In cutting up the 13 male/female symbol pieces and sending them out to artists from across the UK, Singapore and USA to paint a reply to an invite letter on the reverse; I was attempting to respond to our two autocracies using a democratic action. The 13 pieces have been remounted (sewn) back into the painting after re-stretching creating a recto-verso painting and a secret handshake that now sits at the reverse of the new painting.

During critical examination of Julia Kristeva’s theories and subsequent contemporary thought on the thematic of abjection, it has become clear that these ideas are integral to the material methodologies, the phenomenology and the pathos of both my own developing practice and in the art practice of my influences.

* Recto verso – The terms recto and verso refer to the text written on the “front” and “back” sides of a leaf of paper in a bound item such as a codex, book, broadsheet, or pamphlet.

Initial Process cutting out symbols before re-stretching painting reverse side forward.

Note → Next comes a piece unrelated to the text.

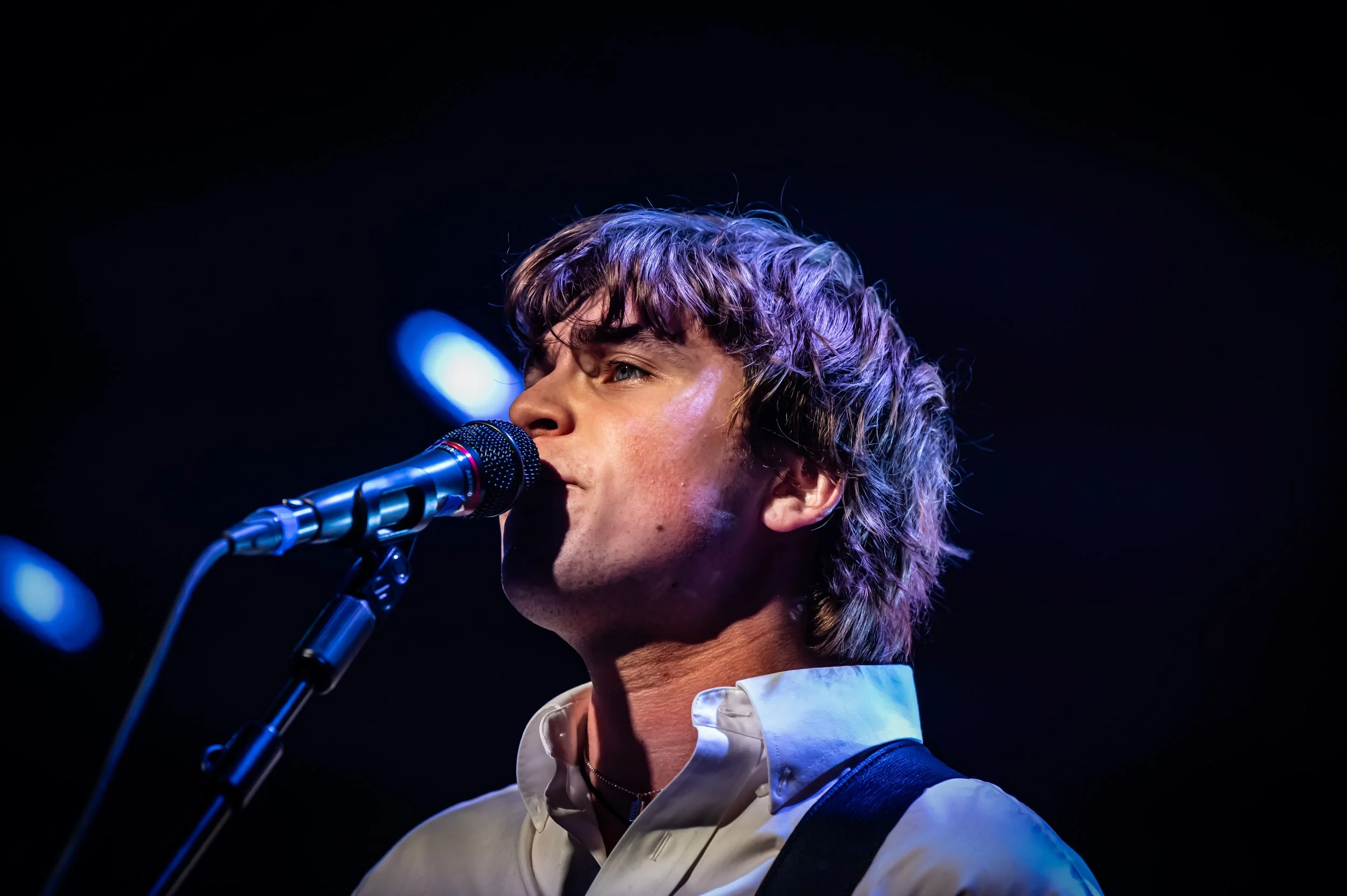 The Runarounds_0100_70-200.jpg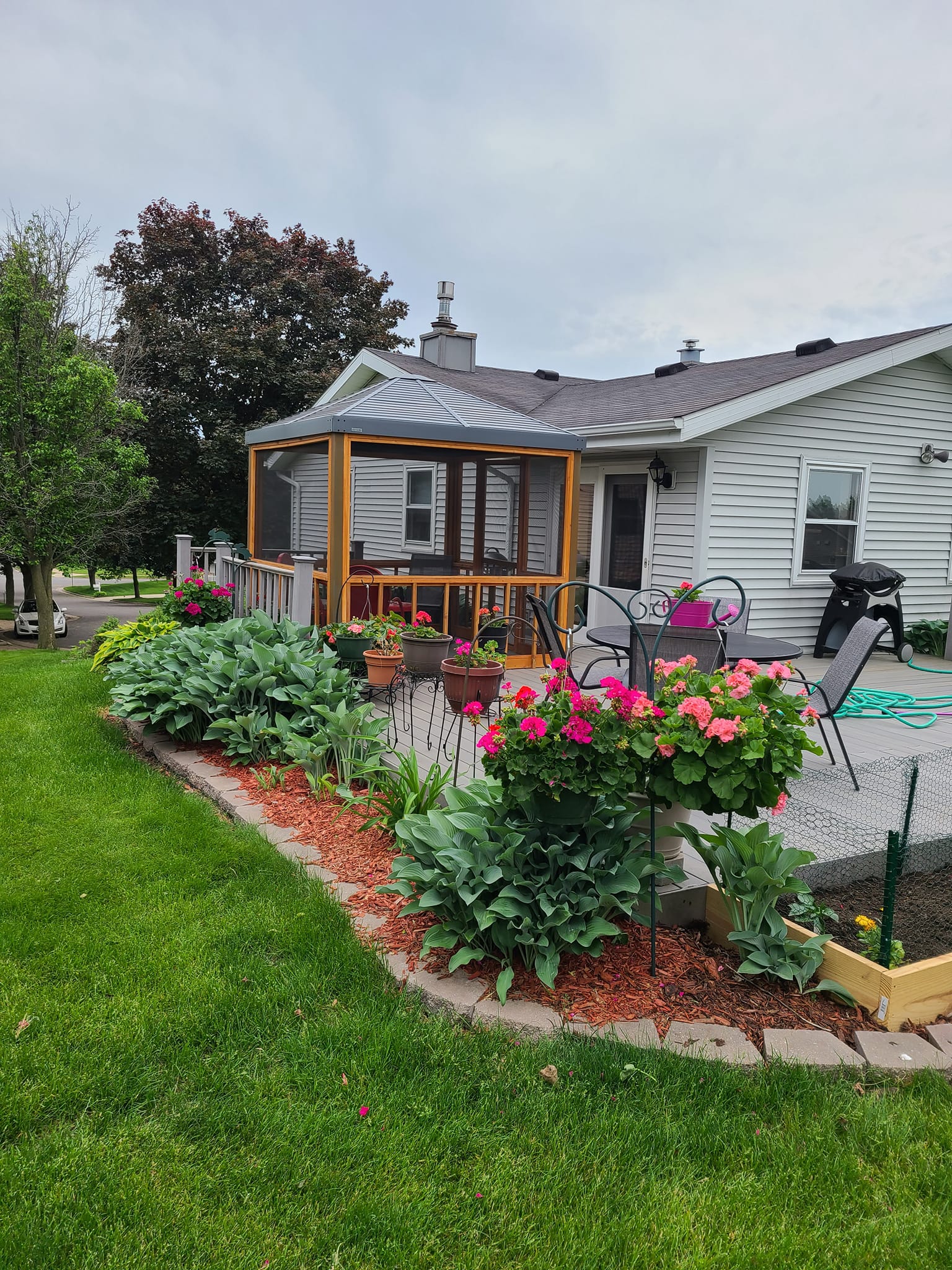 Schwoegler Remodeling | Madison WI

Artists: Kate Targett (Devon, UK), Carol Smith (Glasgow, UK),Sebastian Mary Tay (Singapore), Sharon Morgan (London), Emily Sparkes (Birmingham, UK), Mhairi McGowan (Glasgow), Unattributed (USA), Megan Rose Notice (Birmingham, UK), Merle Sild (Plymouth, UK), Ezra Plemons (Minnesota, USA), Madison Vang (Minnesota, USA).

Co-painters Diagram
Co-painters Diagram

The pieces were sewn back into place inspired by reading The Subversive Stitch: Embroidery and the Making of the Feminine:

“During 1975, women began exchanging artworks through the post, setting up a visual dialogue about their lives as housewives and mothers. They utilised whatever materials they had at hand and whichever domestic skills they possessed, including embroidery. Monica Ross, a participant summed up the ways in which ‘Feministo’ departed from the competitive individualism fostered by the institutions associated with Fine Arts: “Our creativity derives from non-prestigious folk-traditions. It is diverse and integrated into our lives; it’s cooked and eaten, washed and worn.  Contemporary standards either ignore our creativity or rate it as second-class. We communicate, we don’t compete. We share images and experiences. The posting of one piece of work from one woman to another makes ownership ambiguous. Our creativity is valid.”  (Parker, R, p208, 1984, The Women’s Press)

 The whole piece was then hung like a door which when opened reveals both the original secret handshake painting (B-Side) and a steep red carpet which creeps up from the floor over the wall behind the piece and beyond.